Eric Verhaeghe : Non, précisément. Ces principes constituent une sorte de réduction culinaire des principes existants. En 50 principes fondamentaux rédigés de façon très claire, un peu à la manière des lois révolutionnaires, qui se souciaient d'être comprises et connues de tous, Badinter et Lyon-Caen proposent de dire les "50 vérités du droit du travail". Par exemple, sur le licenciement, les auteurs proposent la rédaction suivante: "Article 25 : Tout licenciement requiert de l’employeur qu’il informe le salarié de son projet, recueille ses observations et dispose d’un motif réel et sérieux pour y procéder." 

Badinter et Lyon-Caen proposent donc concrètement de rester dans le cadre actuel: le licenciement doit se justifier par un motif réel et sérieux. On n'est donc pas du tout dans la configuration très imprudente de Pierre Gattaz qui proposait de supprimer la justification du licenciement. Au contraire, on maintient bien ce principe et on le grave dans le marbre. Simplement, on dépouille le Droit du Travail de ses détails superfétatoires et on le "tasse" sur les principes fondamentaux: le licenciement doit s'explique par un motif réel et sérieux. 

On voit bien l'utilité de cette démarche et de cette logique. Elle consiste à rendre lisible le Code, sans l'embarrasser d'une multitude de considérations techniques qui ne relèvent pas forcément du niveau de la loi. 

Pour répondre à votre question, il n'y a donc pas de révolution, mais au contraire une consolidation des principes en vigueur actuellement dans le droit du travail.

François Taquet : Ce que disent Messieurs Badinter et Lyon-Caen n’est pas critiquable et procède même de l’évidence. Cela fait des lustres de manière individuelle que nous nous battons pour dire que la situation actuelle est inacceptable. Nous avons aujourd’hui un Code du travail qui prétend tout régir (qui nous rappelle la fin de l’empire romain) et qui contient environ 12 000 articles. Un Code que plus personne ne comprend, qui mécontente les salariés qui s’estiment paradoxalement insuffisamment protégés et par les employeurs qui estiment que ces kyrielles de dispositions constituent une entrave à l’embauche. En un mot, un code qui fait l’unanimité contre lui… mais que personne n’a songé à remettre en cause. Si le livre de Messieurs Badinter et Lyon Caen permettent une véritable prise de conscience sur la  nécessité de réformer  les relations sociales, on ne saurait que s’en féliciter !

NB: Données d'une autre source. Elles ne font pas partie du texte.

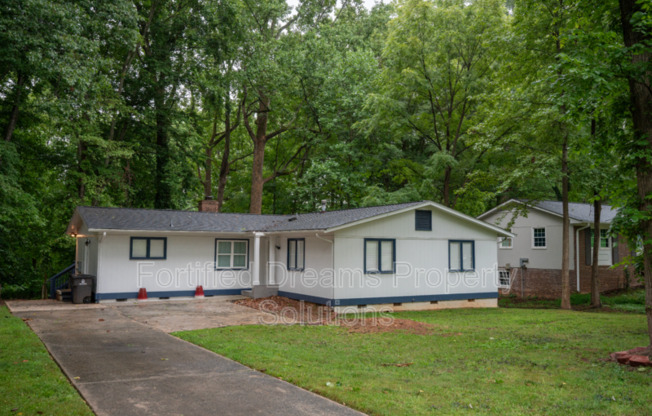 312 FOXCROFT DR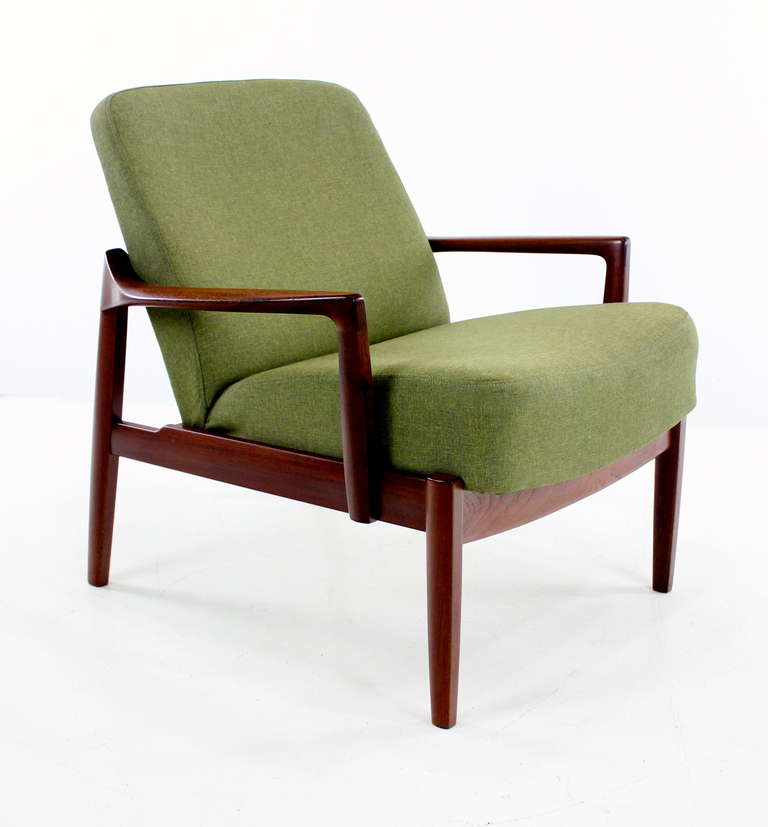 20th Century Pair of Danish Modern Teak Armchairs Designed by Edvard Kindt Larsen For Sale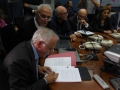 05_Il Prefetto Donato CAFAGNA firma il Protocollo per la Cabina di Regia per Terra dei Fuochi_Napoli_6 Novembre 2014 (1)
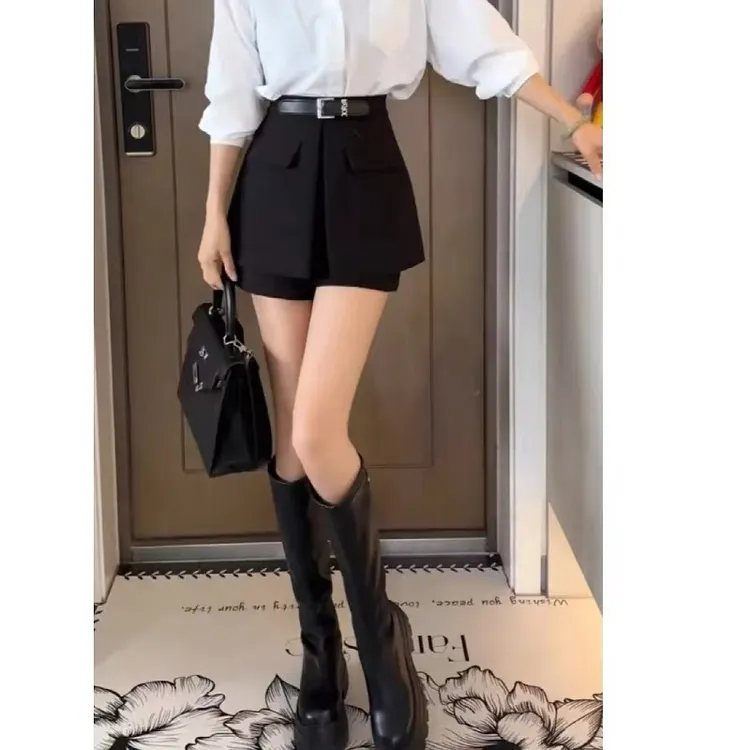 工装短裤女2025新款爆款春秋季高腰裙裤设计感显瘦黑色a字阔腿裤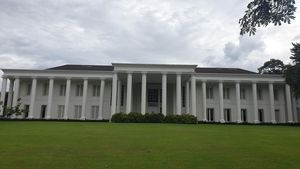 Intip Jeroan The White House Bogor, Ada Lift-Rumah Joglo
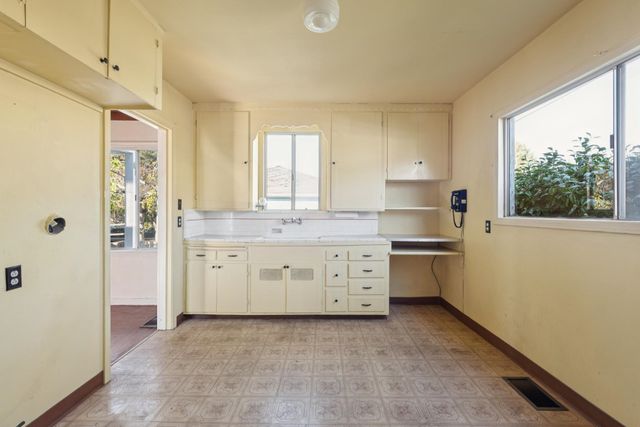 725 Pomona Ave, El Cerrito, CA 94530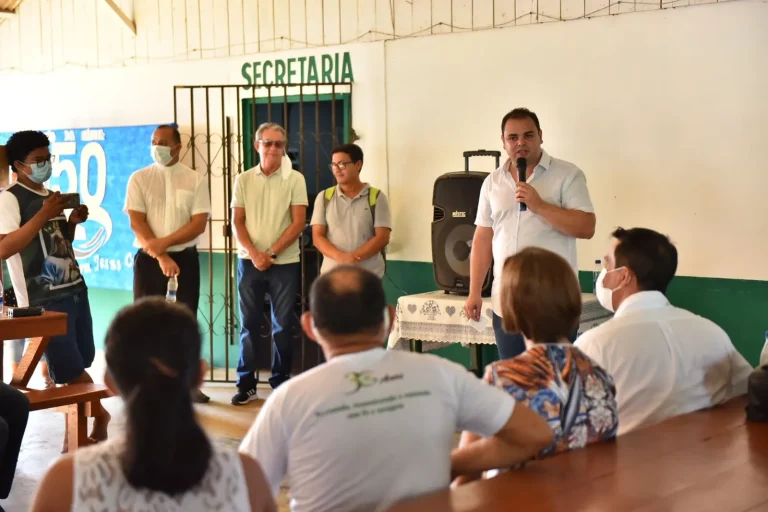 Roberto Cidade anuncia emenda de R$ 200 mil para Associação Lar Cristo Rei, em Borba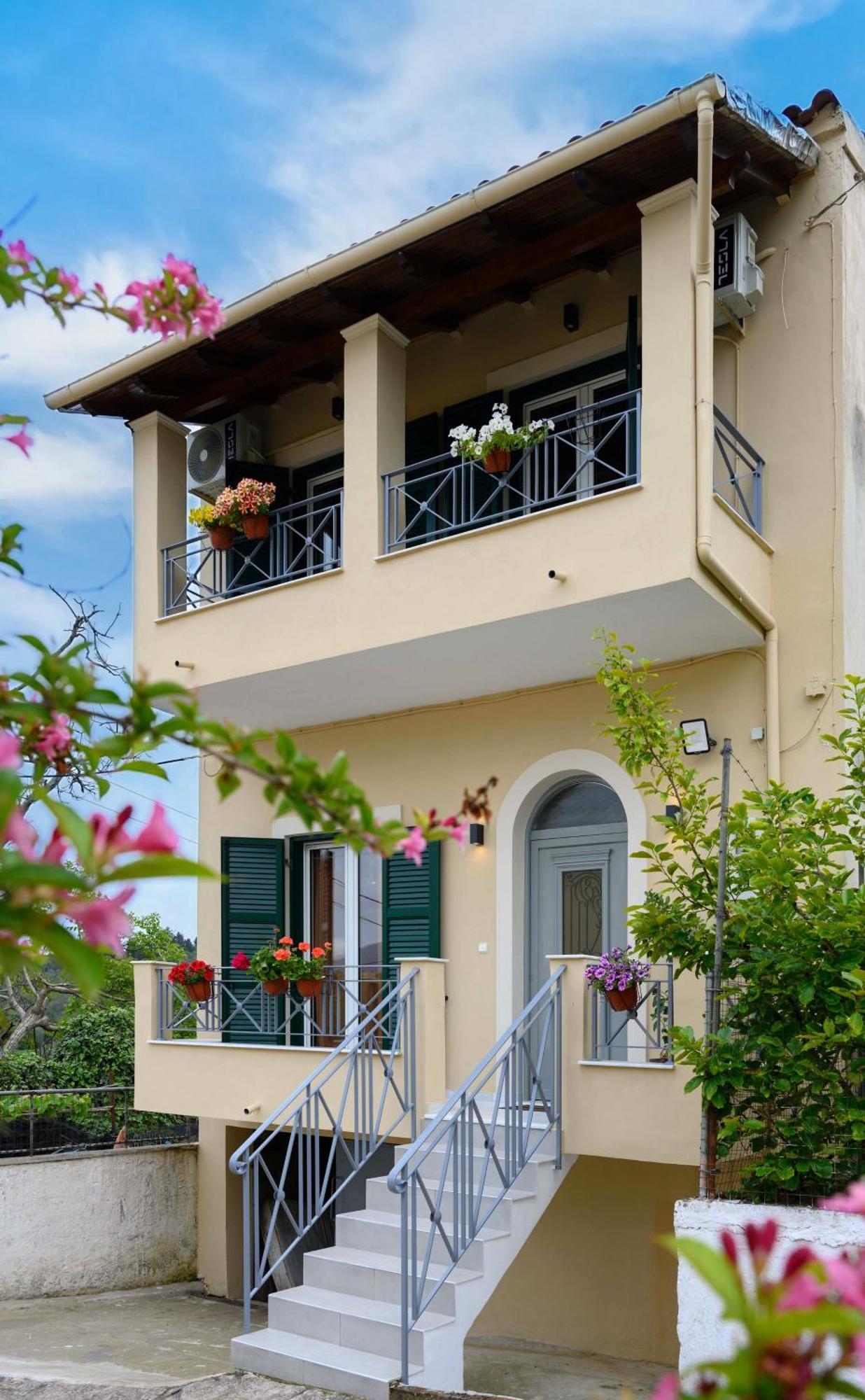 Anastasia & Filippos ηouse
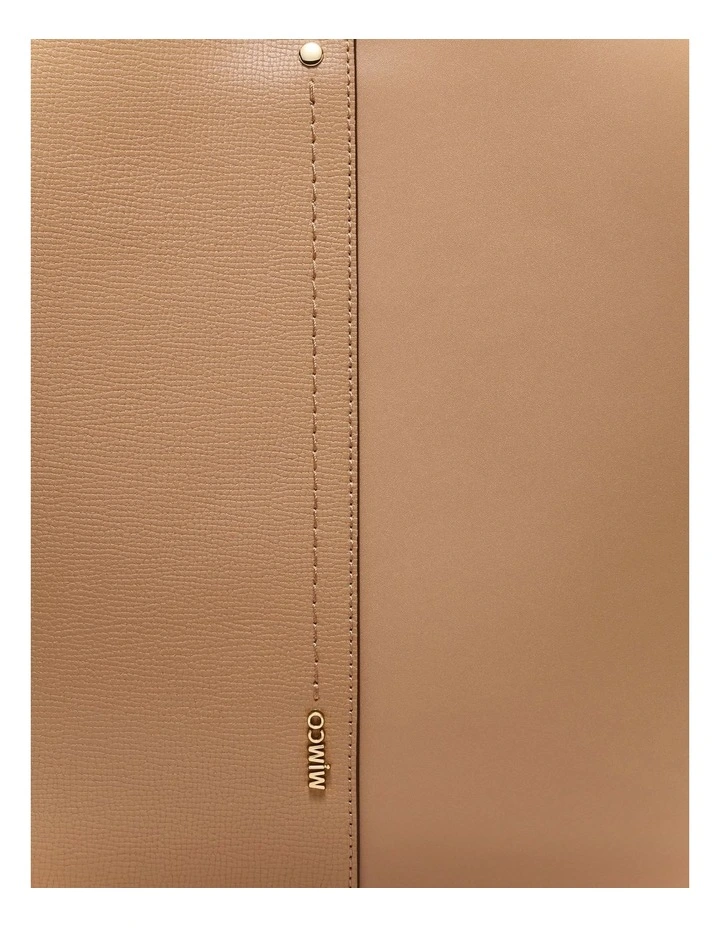 Metro Worker Tote Bag in Caramel image 6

Réorganiser le Code du travail autour de ces 50 principes impliquerait quels changements ? Pour quels résultats ?

Eric Verhaeghe : Le changement porte essentiellement sur la méthode de détermination des normes sociales.  Aujourd'hui, ces normes restent fortement fixées par la loi. C'est le législateur, et le gouvernement qui, par un tissu de lois et de décrets, créent et nourrissent le droit du travail. Cette méthode est compliquée à gérer, dans la mesure où elle impose des règles uniques à des entreprises qui sont très différentes et confrontées à des enjeux diamétralement opposés. Entre l'entreprise qui nettoie le métro et qui est forcément installée en France, et l'industrie textile qui bouge autant qu'on le veut à travers le monde, l'imposition de normes identiques n'a guère de sens. La solution Badinter-Lyon-Caen permet de garantir un socle minimal de protection à tous les salariés tout en renvoyant aux entreprises le soin de définir les détails et les suppléments. C'est en cela que le changement existe: il permet à chaque acteur de définir ses propre règles.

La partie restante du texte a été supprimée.